Possibly my favorite metaphor from a psychology experiment is the idea of “superstitious pigeons.” This is an experiment led by B.F. Skinner4, where they fed different pigeons at random time intervals. Each one started to think that certain behavior led to it being fed (though again, it was a randomized feeding schedule). So some bobbed their heads, some spun in circles, some swung side to side, etc.

They believed that the behavior led to the feeding because, well, sometimes it did! The times they were not fed with the behavior didn’t seem to affect the belief. This is similar in some wellness circles. People might take some treatment or eat some food/supplement and believe that the behavior led to them feeling better; however, it could be a correlation and/or regression to the mean.

Research methods

Looking across industries of health and wellness, how do we KNOW that the treatment is working and not just a coincidence? The answer for much of the research is Randomized Controlled Trials (RCTs).

Randomized control trials

Why are RCTs considered the best way to see if a treatment is effective? They are set up in a way to reduce correlation. You first get a large sample size, then randomly assign them to groups that either receive the treatment or the control group (often a placebo).

This reduces bias in selecting who will get treatment, as well as the risk that the people who sign up for the study are a specific type of person, which could influence the results.

These groups are then compared. The group with the treatment should have a significant improvement over the control group. By setting up experiments in this way, the chance of correlation can be greatly reduced, and we can have more confidence that the treatment actually is effective.

Confidence intervals

The trust in the results is then called the confidence level (or interval). A 95% confidence level is pretty good. That means if you ran the experiment 100 times, the likelihood of getting these results just by chance (and not because of the treatment) is 5%.

But actually, that means 1 out of 20 experiments with 95% confidence will actually be due to chance and not the treatment.

This is highlighted in an excellent XKCD comic about jelly beans5.

image host

That’s why it is good to have over 99% confidence, large sample sizes, and to run multiple RCTs by multiple organizations with different populations.

Meta-analysis

Sometimes all the RCTs are reviewed in a meta-analysis, which can tell us if the treatment is effective across the board.

The reason that ERP for OCD is considered the “gold standard” treatment is that it has many RCTs across different populations and meta-analyses that show that it makes a significant difference with a large effect size6.

A brief note on the word “significant” in a scientific context vs. colloquially. In science, significance has to do with the confidence that the difference that people experience is due to the treatment and not due to chance.
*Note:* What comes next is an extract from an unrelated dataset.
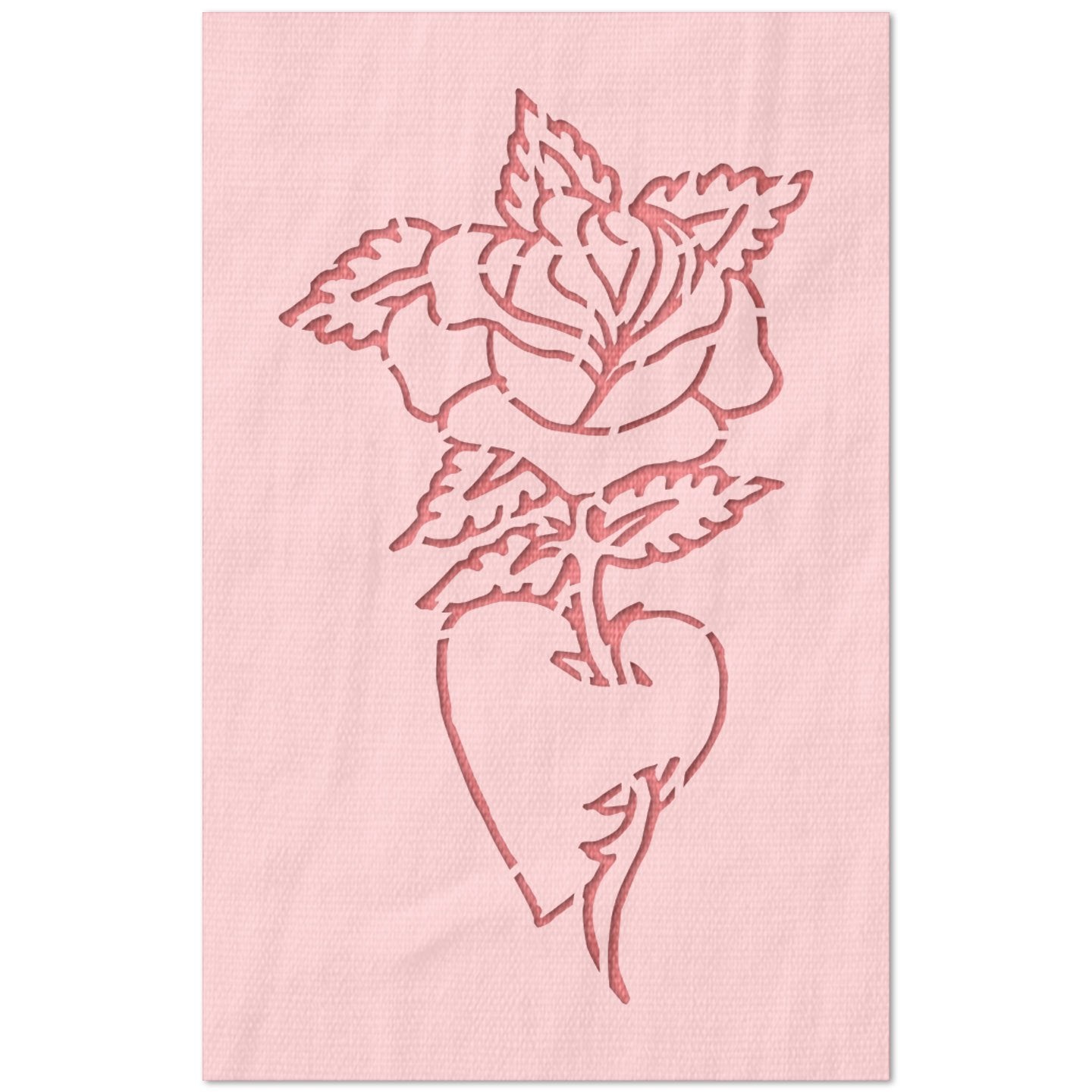 Rose with Heart Vase Stencil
You can have significant findings that the effect is there, but only minor. This is sometimes called the effect size.

Conclusion

Putting it all together—when someone on TikTok or Instagram promises a new treatment that will cure your headaches, depression, pain, etc., there are ways to check the likelihood that it is true. First, we can check if it is likely that there is a correlation or regression to the mean just with time. Then we can dig into the research.

Have there been RCTs? Have there been meta-analyses of the RCTs? Is there a strong confidence level, and is the effect size high? If so, great! You might have just found a cure for what ails you. If not, it could be snake oil or a well-meaning superstitious pigeon.

References

1 Friedman, J. (2024, October 21). How snake oil became a symbol of fraud and deception. Smithsonian Magazine.
2 Smith, E. (2025, July 26). He knew he was wrong — Daniel Kahneman interview. The Spectator.
3 Vigen, T. (n.d.). Tyler Vigen’s project list.
4 Webb, D. (n.d.). Superstition in the pigeon.
5 Munroe, R. (2011, April 6). Significant (No. 882) [Webcomic]. xkcd.
6 Reid, J. E., Laws, K. R., Drummond, L., Vismara, M., Grancini, B., Mpavaenda, D., & Fineberg, N. A. (2021). Cognitive behavioural therapy with exposure and response prevention in the treatment of obsessive-compulsive disorder: A systematic review and meta-analysis of randomised controlled trials. Comprehensive Psychiatry, 106, Article 152223.